You Are Ambitious! I love it!! I feel your excitement. It's great.
You bring up a few different points, so I want to address them one by one.
Unless you are looking at private money or hard money lenders (who make up their own rules), many conventional lenders won't refinance for a cash out until you have held the property for 6 months. Additionally, they would still want to see equity, so getting 100% of your money back in a cash out is slim to none.
In terms of you qualifying for multiple properties, your quickest and most efficient way of doing this is using OPM (other people's money). What I mean by this is using the rent roll to offset your debt to income ratio. After the property has been on your taxes for 2 years (in some cases 1 year), the net income counts toward your overall income. So, when you go to qualify for a new property, you are just qualifying on THAT property, not both. Does that make sense?

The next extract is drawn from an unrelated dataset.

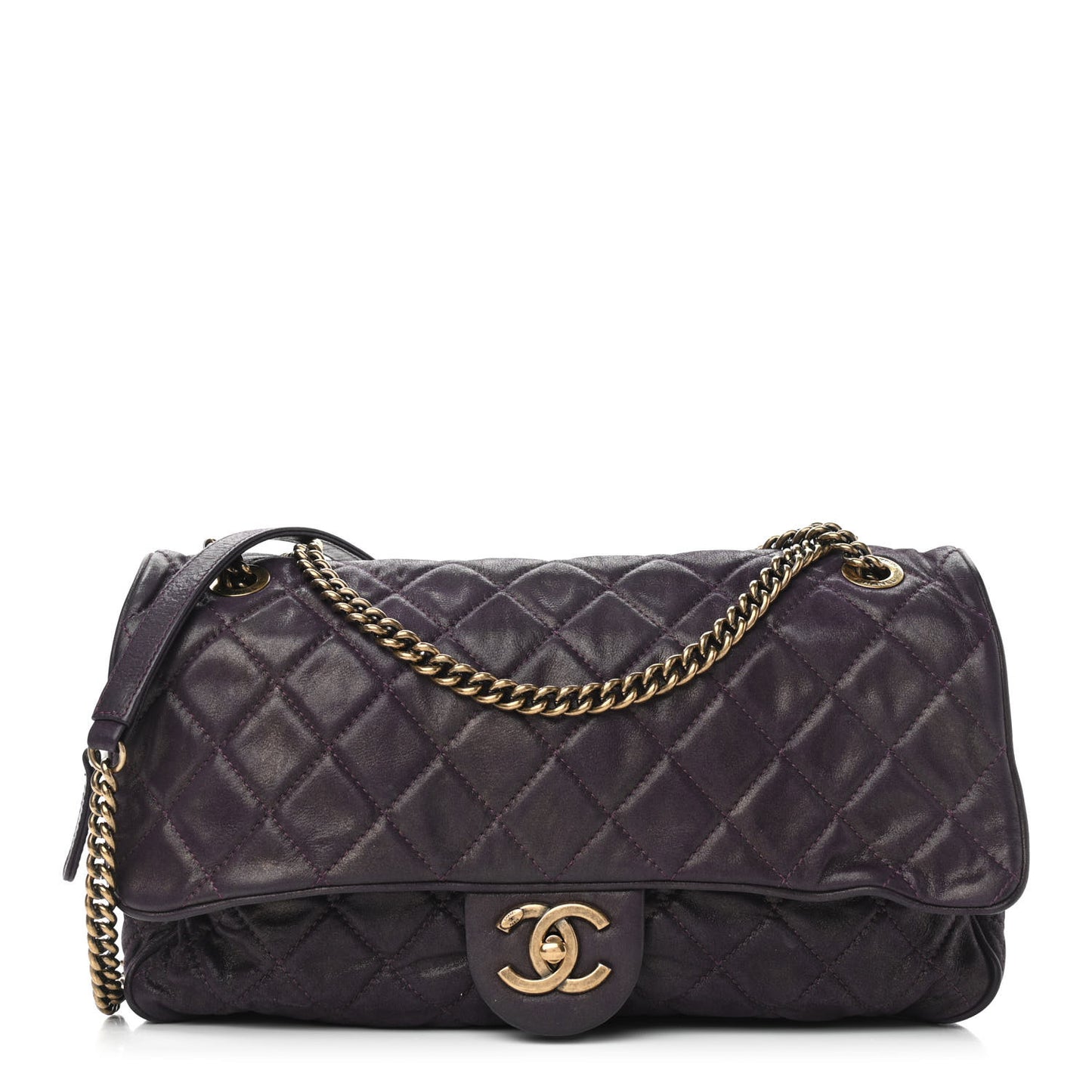 Iridescent Calfskin Quilted Large Shiva Flap Purple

A quicker way of doing this would be to purchase a property with tenants already in place. To many lenders, if the property already has a proven track record with tenants, they will allow you to use that income to offset the debt to help you qualify for the property.

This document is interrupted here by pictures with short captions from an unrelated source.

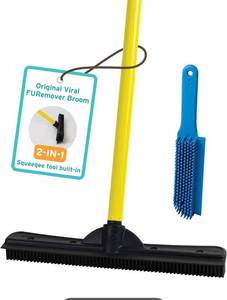 lot 4012 image: FURemover Original Pet Hair Rubber Broom with Squeegee, with 58 Telescopic Handle for Carpet, Tile and Hardwood and Handheld Lint Brush Combo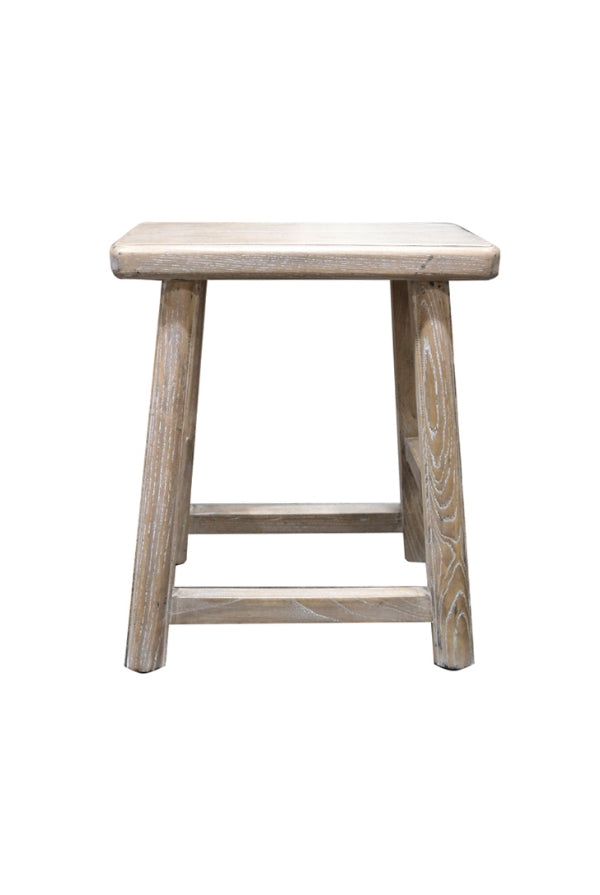 Antique Elm Rectangle Stool - Magpie Style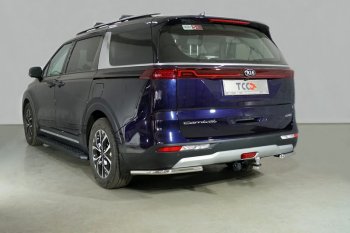 Защита заднего бампера (2WD V-2,2D, уголки, d42,4 мм) TCC KIA Carnival  KA4 (2020-2023) минивэн дорестайлинг
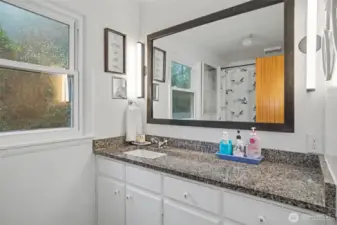 Full bath services the two bedrooms on the upper level nicely.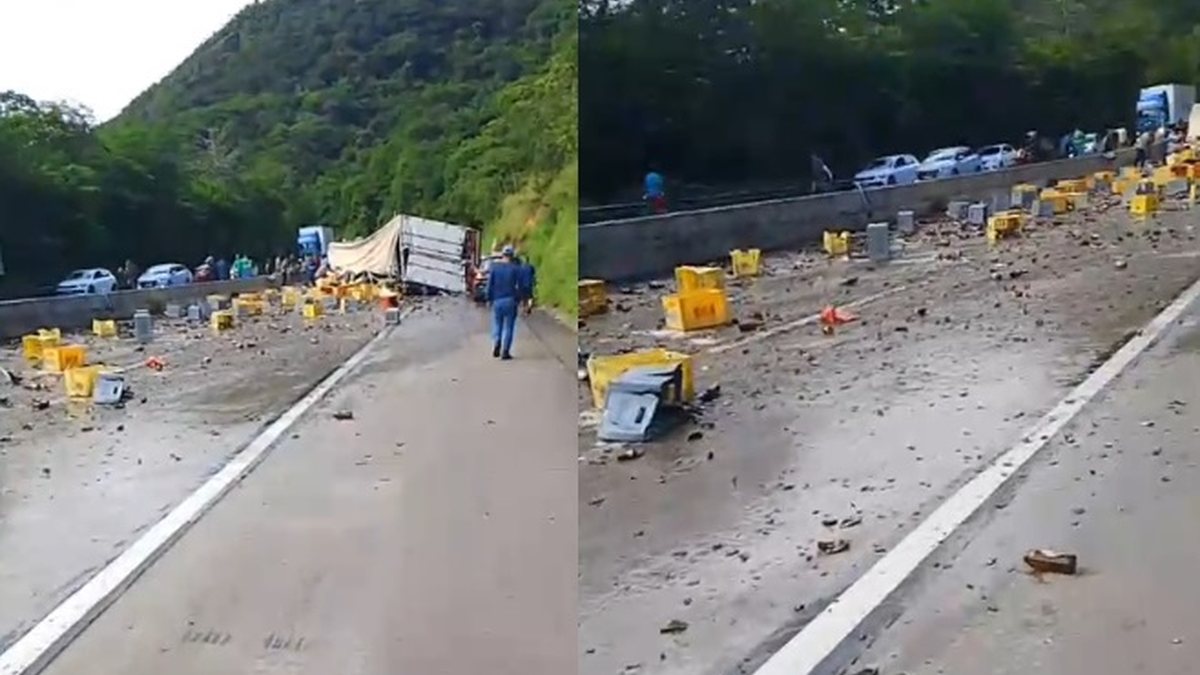 Acidente com caminhão com caixa de cervejas deixa rodovia bloqueada em AL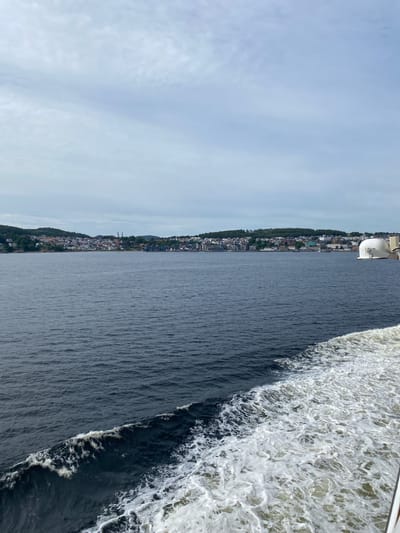 This image depicts a view from a vessel, likely a ferry or ship, sailing through a body of water. The scene is dominated by the dark, choppy water on the right, with a foamy white wake trailing the vessel. On the left, a densely populated coastline stretches into the distance. Buildings, varying in color and size, are nestled amongst lush green trees that cover a sloping hillside.
The time of day appears to be daytime, with the sky a soft, overcast blue, suggesting cloudy or hazy weather. The location appears to be a coastal town or city, with the presence of numerous buildings along the shore. The choppy water and the wake indicate that the vessel is in motion, moving along the coastline. There are no people or specific objects clearly identifiable in the foreground or on the coastline. The overall mood is serene, with the vastness of the water and the detailed coastline creating a sense of journey and observation. No text is visible in the image.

Another thing to consider would be putting 20% down instead of 25% down. If timing is your biggest hurdle for building your down payment up, then it may be worth the slight interest rate bump you will see from slightly lessening your down payment.
Lastly, I would recommend HEAVILY, that if this is your first experience with real estate investing, you slow down just a beat and allow yourself to learn about being a property owner and manager before jumping in to several properties that teach you the lesson in an extreme way. You may find, after your first one, that you don't like the type of property you purchased, or the price point, or the area. If that's the case, it's alot easier to recover from 1 property versus 5 or 7 or however many that came too quickly after that first 1.